The Vostochny Cosmodrome, a spaceport on Russian territory, is currently being built in the Amur region in the Russian Far East. As part of the project, Mammoet was contracted to unload 14 pieces of heavy and oversized equipment from a barge and transport them to the construction site 60 kilometers away.
The cargo included parts of two different big structures - the launch pad and a vacuum chamber for the launch complex of the Angara space rocket complex, with a total weight of about 600t. The vacuum chamber alone had a diameter of 9 meters.
“This was a very big and important project for us,” said Alexey Zhugan, Mammoet’s project manager on site. “Our client trusted us to deliver multiple crucial pieces of equipment to the construction site over a rather large distance. We did so not only in the safest but also in the most efficient way possible, adhering to the given time frame.” The transport of the cargo took place in two parts and in a total of four days.
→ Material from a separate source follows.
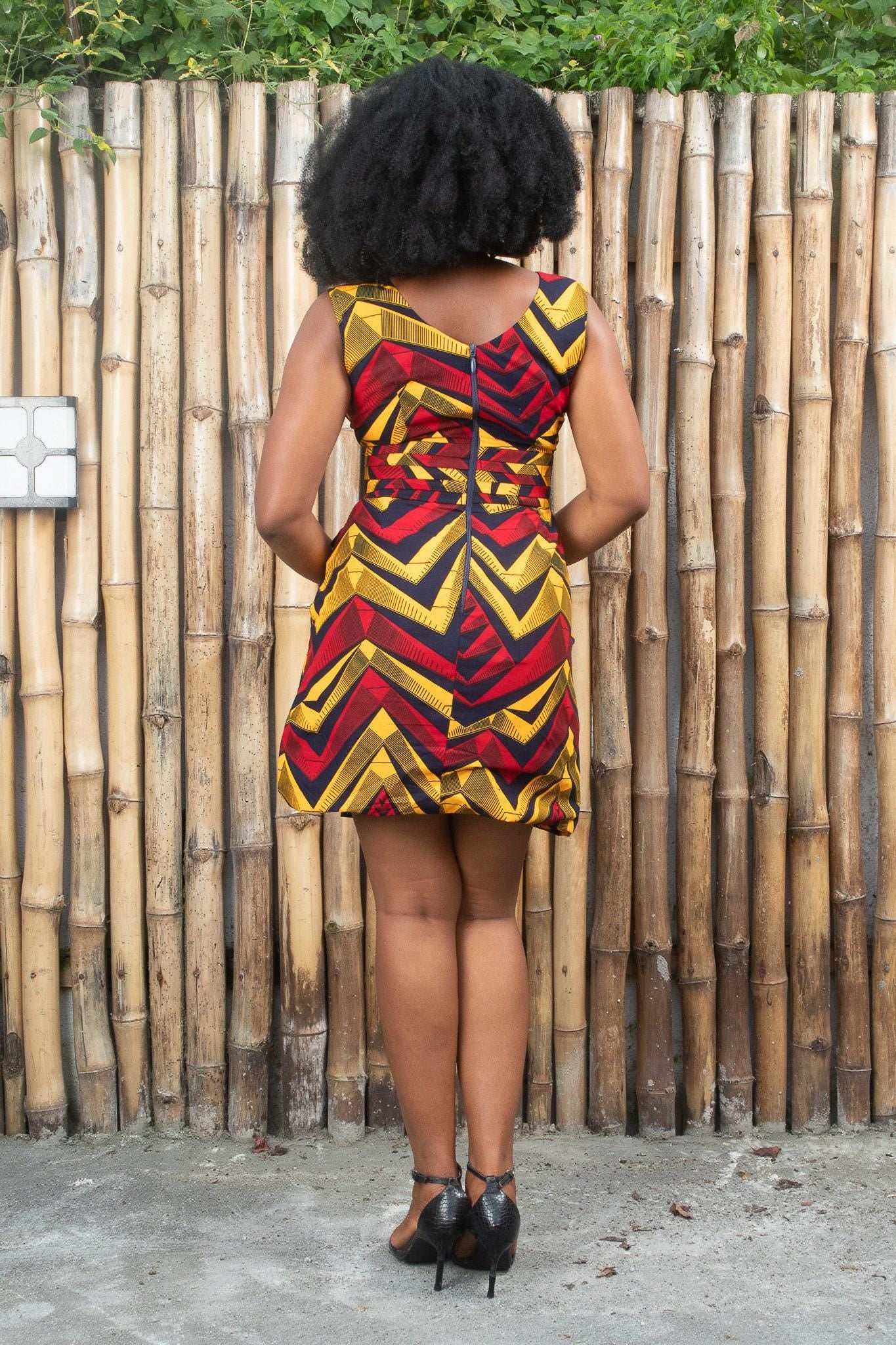 Sample: NKEM Ankara Mini Wrap Dress - Women (Size UK 10) detail — handcrafted in Nigeria by Naborhi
Supporting the construction of the Russian spaceport has been a unique project in itself. It is a project that is sure to contribute to the development of the local economy in the future.
Yet, this is not the first time that Mammoet has worked in the region. The company has been active locally for several years now, particularly as part of the construction of the Amur Gas Processing Plant (AGPP). It was the company’s experience and track record that convinced the client to choose them for the job.
The fact that Mammoet had all the necessary lifting and transportation equipment available locally was an added benefit, too. For unloading the cargo, the company used two heavy-lift cranes, the LR 11350 and LR 1750, and Goldhofer trailers and semi-trailers for delivering them to the construction site.
While 60km may not sound like a long distance to the regular commuter, it certainly is when transporting heavy and oversized cargo. It is very precise work - and not just literally. It also requires a lot of clear coordination of all details.
“For every piece of equipment, we needed special permits,” said Zhugan. “There are also quite complex logistics involved in moving such large cargo. We had to block regional roads as well as the federal road that connects Moscow with Vladivostok for a couple of hours during the night to transport the loads. All this requires careful planning and approval of every detail of the project.”
All the arrangements were necessary to perform the job as safely and efficiently as possible. Being involved in such a big project resonates on several different levels. For Mammoet as a company, it is an exciting opportunity to be a part of a key development in the region. For the team on the ground and for Zhugan in particular, it is even more than that. It is an opportunity to contribute to the local economy and to his country. It is what he calls “a moment of pride”.